Guiying looked at him.

The grip on his collar loosened by a single fraction, just for a moment, and Guiying's body moved before his mind finished deciding. He twisted free with the desperate efficiency of someone who had spent five years memorizing exactly when a grip went slack, hit the doorframe on the way out, and did not stop moving.

He found himself in the kitchen.

His hands found the knife block on the counter. He closed his fingers around a handle and turned around. His husband stood in the doorway, watching him with an expression that had shifted from contempt to something close to amusement.

"What are you going to do with that?"

Guiying looked down at the knife, then up at his husband. The handsome lines, the easy confidence, the absolute certainty that Guiying would fold the way he always folded.

"I tried," he said. His voice came out steadier than he expected. "I want you to know that. I tried to make this work. I tried, for five years, to find something in you worth loving."

His husband said nothing.

"You talk about children." Guiying laughed, a short and hollow sound. "Who would bring a child into this house? Who would want to have a child with a monster?" He tightened his grip on the knife. "I have hated my life for five years. But out of everything in it, I hate you the most."

He turned the knife inward.

The last thing he felt was cold.

---

Memories came all at once, a lifetime arriving without mercy or order. Himself as a small child crouching in a hallway while raised voices carried through the walls. His mother's face, blurred by grief and time, the one image he had never been able to hold clearly. His stepmother's voice. His grandmother's pointed silence. His cousins' laughter. The arranged marriage, the wedding, the first night, every night that followed for five years.

Underneath all of it, threading through every memory like roots through stone, was one feeling.

Regret.

If he had run. If he had refused. If he had chosen any other path, he would never have ended up bleeding out on a kitchen floor at twenty-eight. He had known it somewhere beneath the fear and the compliance and the years of being told he did not matter. He had always known there was another way.

He had simply never believed he deserved to take it.

---

Xue Guiying opened his eyes and sucked in a sharp breath.

He lay completely still, staring at the ceiling above him. His heart hammered against his ribs. His body felt wrong, lighter than it should have been, unmarked in ways it had no business being.

His first coherent thought was that he had survived. That he was in a hospital, that his husband had called an ambulance, that it was not over.

He sat upright.

This was not a hospital.

He pressed his fingers to his throat, to the exact spot where the knife had gone in. Smooth, unbroken skin. No wound. No bandage. No scar.

He looked around the room slowly, taking in the walls, the furniture, and the quality of light coming through the window, and something cold settled over him that was not quite fear and not quite anything he had a name for.

He knew this room.

He had spent years trying to forget it.

This was the Xue family house. This was his childhood bedroom. He had not stood in this room in five years.

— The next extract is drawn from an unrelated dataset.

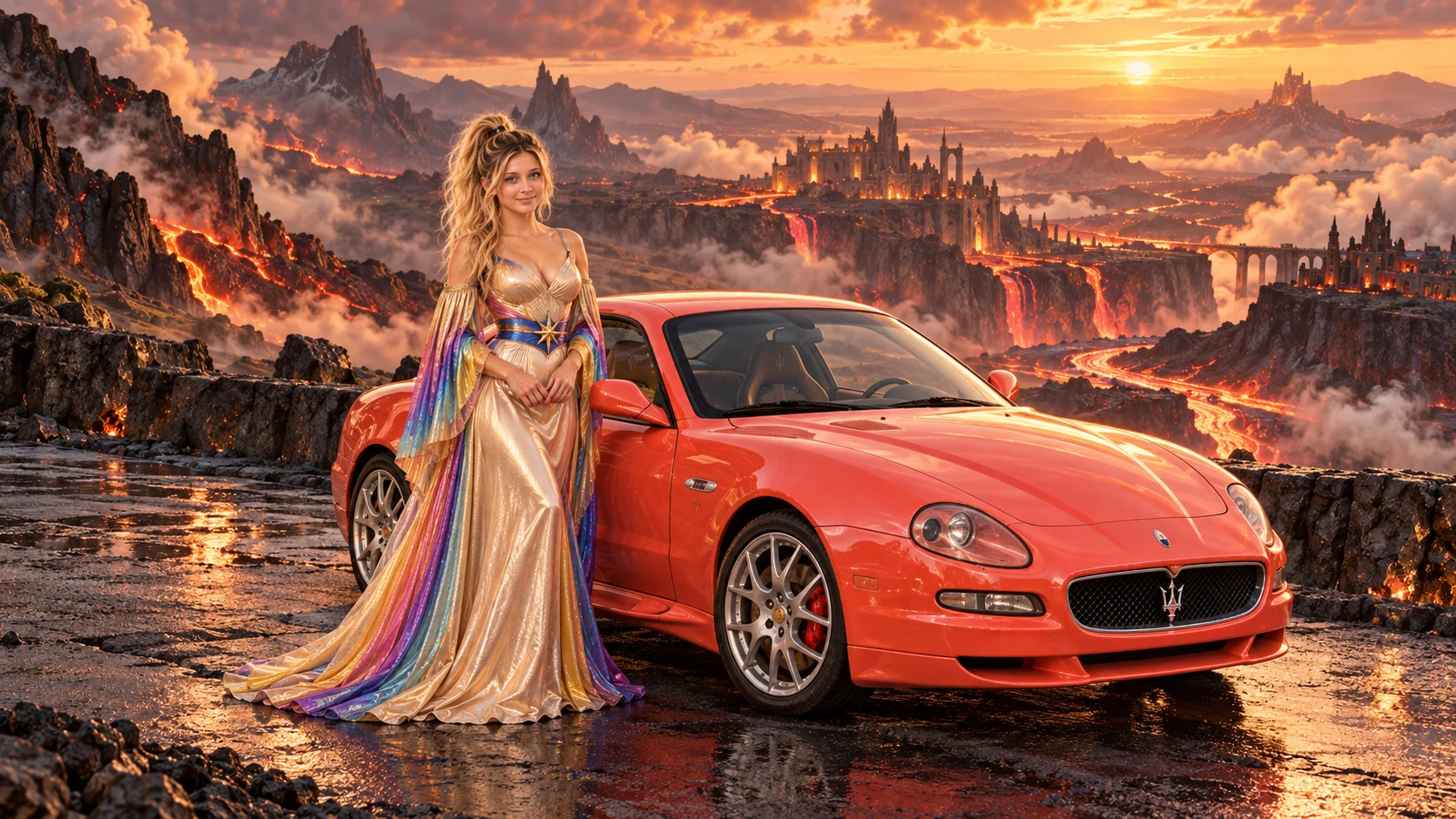Kristin as Rainbow Brite wears a iridescent champagne satin gown with rainbow pleated sleeves and a sculpted blue-and-gold star belt beside a bright coral 2004 Maserati GranSport on Cinderwake, in The Ember Rift.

His phone was on the nightstand. He picked it up and looked at the date on the screen.

He looked at it for a long time.

He set the phone down and sat in the quiet of his old bedroom and breathed.

He had gone back five years. He was twenty-three years old. His husband had not yet found him. The marriage had not yet happened.

Was this what regret purchased? A second chance at a life he had already lost once?